Her reaction was typical in a country where nearly half of marriages are between first or second cousins, a statistic that is one of the more important and least understood differences between Iraq and America. The extraordinarily strong family bonds complicate virtually everything Americans are trying to do here, from finding Saddam Hussein to changing women's status to creating a liberal democracy.

"Americans just don't understand what a different world Iraq is because of these highly unusual cousin marriages," said Robin Fox of Rutgers University, the author of "Kinship and Marriage," a widely used anthropology textbook. "Liberal democracy is based on the Western idea of autonomous individuals committed to a public good, but that's not how members of these tight and bounded kin groups see the world.
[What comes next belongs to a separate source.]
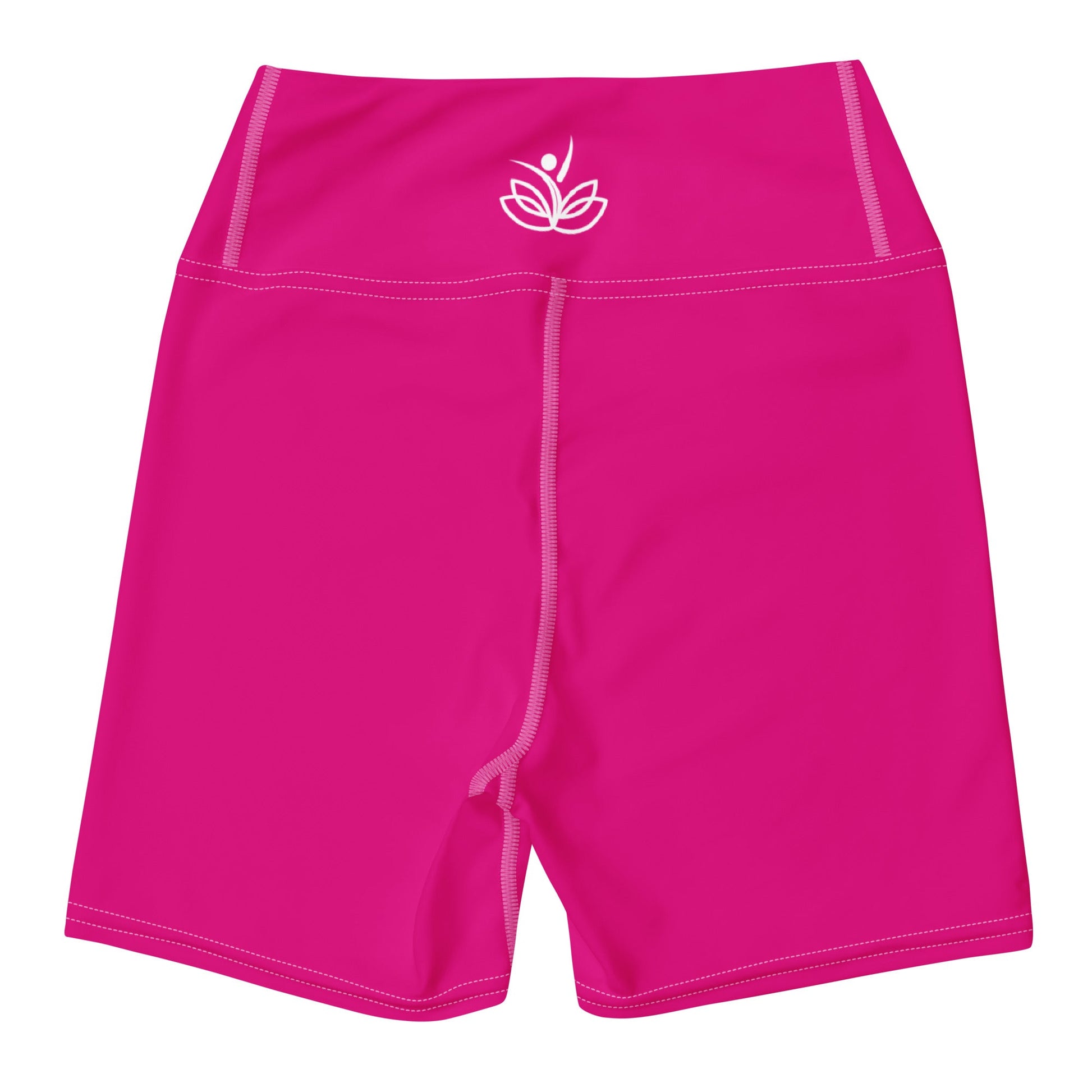 Her Daily Ritual™ High - Waist Pink Yoga Shorts – Women’s Workout & Pilates Activewear - Her Daily Ritual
Their world is divided into two groups: kin and strangers."...

...That dichotomy remains today, said Ihsan M. al-Hassan, a sociologist at the University of Baghdad. At the local level, the clan traditions provide more support and stability than Western institutions, he said, noting that the divorce rate among married cousins is only 2 percent in Iraq, versus 30 percent for other Iraqi couples. But the local ties create national complications.

"The traditional Iraqis who marry their cousins are very suspicious of outsiders," Dr. Hassan said. "In a modern state a citizen's allegiance is to the state, but theirs is to their clan and their tribe. If one person in your clan does something wrong, you favor him anyway, and you expect others to treat their relatives the same way."

The more educated and urbanized Iraqis have become, Dr. Hassan said, the more they are likely to marry outsiders and adopt Western values. But the clan traditions have hardly disappeared in the cities, as is evident by the just-married cousins who parade Thursday evenings into the Babylon Hotel in Baghdad. Surveys in Baghdad and other Arab cities in the past two decades have found that close to half of marriages are between first or second cousins.

The prevalence of cousin marriage did not get much attention before the war from Republicans in the United States who expected a quick, orderly transition to democracy in Iraq. But one writer who investigated the practice warned fellow conservatives to stop expecting postwar Iraq to resemble postwar Germany or Japan...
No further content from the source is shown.